Auch innerhalb einer gemeinsamen Sprache tragen Wörter nur einen Teil der Erklärung. Leelo Keevallik untersuchte, wie Lehrende beim Tanzen Silben und Laute einsetzen. In ihrer detaillierten Analyse einer englischsprachigen Jazz-Routine aus dem Lindy-Hop-Unterricht begleiteten Lautlänge und Betonung unterschiedliche Bewegungsqualitäten. Eine Silbe war dabei keinem festen Bewegungseintrag zugeordnet. Sie wurde durch die gerade gezeigte oder gemeinsam erarbeitete Bewegung verständlich. Solche stimmlichen Hinweise können Zeitverlauf und Akzente hörbar machen. Wer ihnen folgt, verbindet Gehörtes mit dem sichtbaren Ablauf und dem eigenen Mitmachen; ein Wörterbuch allein erfasst diese Bedeutung kaum.
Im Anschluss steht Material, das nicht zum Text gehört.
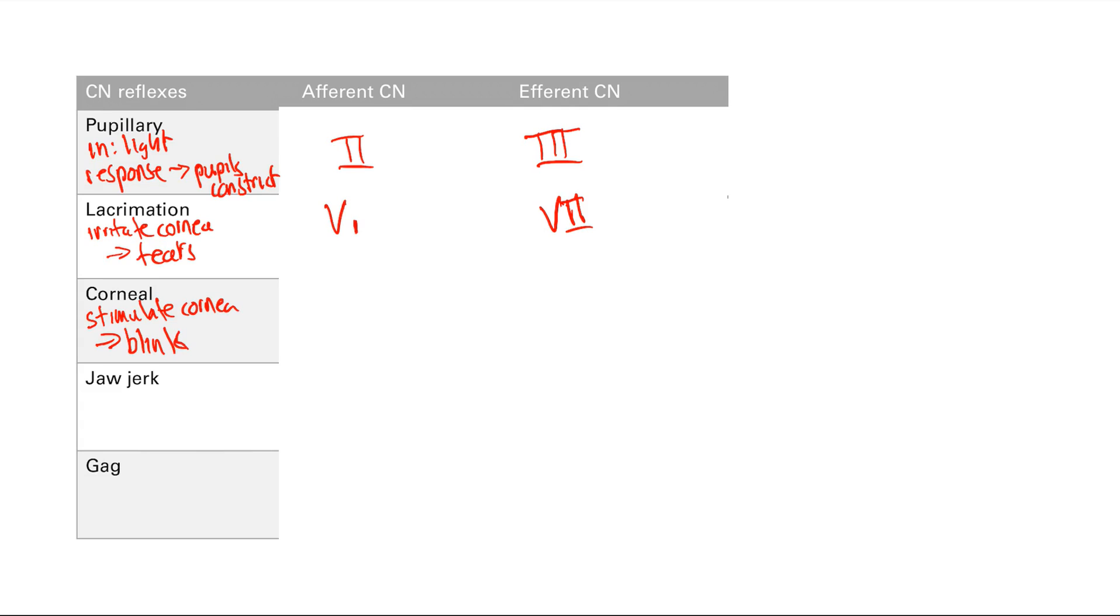So again, stimulation on the cornea is V1, very simple. And then blinking. What leads to blinking? Again, that's cranial nerve 7. And note, this is a bilateral response.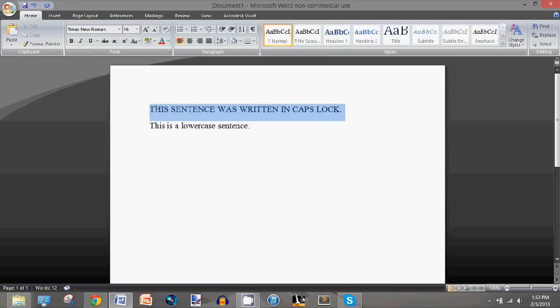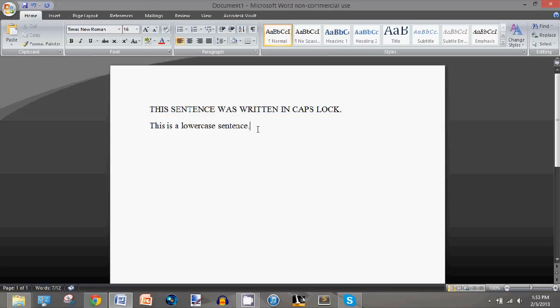So say you have this sentence you want it to be lowercase, but there's no way to do that except retyping it.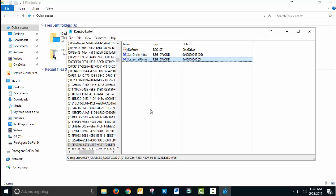So that shows you a little bit about how the registry works and how to disable OneDrive.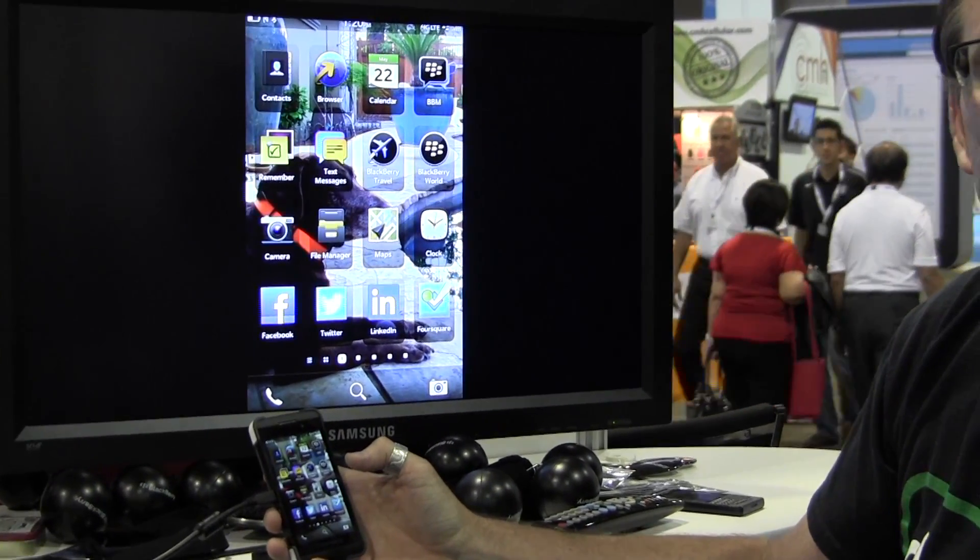We also provide tools for companies to manage Android and iOS devices as well, right from the same portal from a company you trust. It's BlackBerry.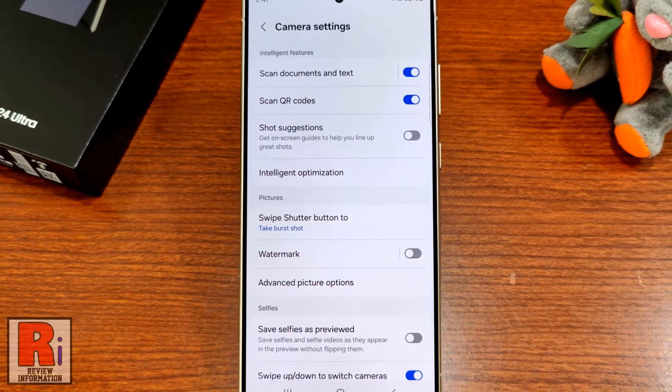So in this way, you can enable high efficiency picture setting on Samsung Galaxy S24 Ultra. See you next time. Thank you.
Wie ein Gespräch weitergehen kann

Außerhalb der Demonstration zählt auch das Timing eines Gesprächs. Tanya Stivers und ihr Forschungsteam verglichen Antworten auf Ja/Nein-Fragen in Alltagsgesprächen aus zehn Sprachen. Die Beteiligten vermieden überwiegend lange Lücken und gleichzeitiges Sprechen. Dennoch unterschieden sich die durchschnittlichen Antwortzeiten; auch die Wahrnehmung einer Antwort als verspätet hing mit dem vertrauten Gesprächstempo zusammen. Eine kurze Pause kann deshalb beim Gegenüber anders ankommen als beabsichtigt. Für internationale Begegnungen ist diese Unterscheidung hilfreich: Messbare Unterschiede im Gesprächsablauf sind noch keine Beschreibung der Persönlichkeit. Vertrautheit mit einer bestimmten Gesprächsweise prägt mit, was uns selbstverständlich erscheint.

Wenn eine Äußerung unklar bleibt, lässt sich das Verständnis gemeinsam weiterentwickeln. Mark Dingemanse und sein Team fanden in Gesprächen aus zwölf Sprachen wiederkehrende Möglichkeiten: allgemein um Wiederholung bitten, eine bestimmte Stelle eingrenzen oder eine vermutete Bedeutung bestätigen lassen. Wie gezielt jemand nachfragen kann, hängt auch davon ab, wie viel angekommen ist. Eine Antwort wie „Meinst du die andere Richtung?“ macht einen konkreten Deutungsversuch sichtbar. Die sprechende Person kann daran anknüpfen und ihn bestätigen oder korrigieren. Beide tragen damit zur Klärung bei, und bereits Verstandenes muss nicht vollständig neu erklärt werden.

Mit dem eigenen Sprachrepertoire teilnehmen

Gemeinsame Fachsprache entwickelt sich auch jenseits benannter Figuren. Joanna Britton weist in ihrer Untersuchung zu Sprache in Musik- und Tanzausbildungen darauf hin, dass etwa Improvisation in verschiedenen Tanzgemeinschaften unterschiedliche Assoziationen auslösen kann. Die sprachliche Aufgabe besteht dann darin, diese Vorstellungen miteinander besprechbar zu machen. Dazu gehören auch das Erklären eigener Ideen, der Austausch über künstlerische Arbeit und die Verständigung über persönliche Erwartungen. Sprachliche Unterstützung kann sich an solchen tatsächlichen Aufgaben orientieren. Wer eine Idee noch umständlich formuliert, braucht Gelegenheit, sie genauer auszudrücken. Ein Gespräch kann dafür mehrere Formulierungen aufnehmen und weiterführen.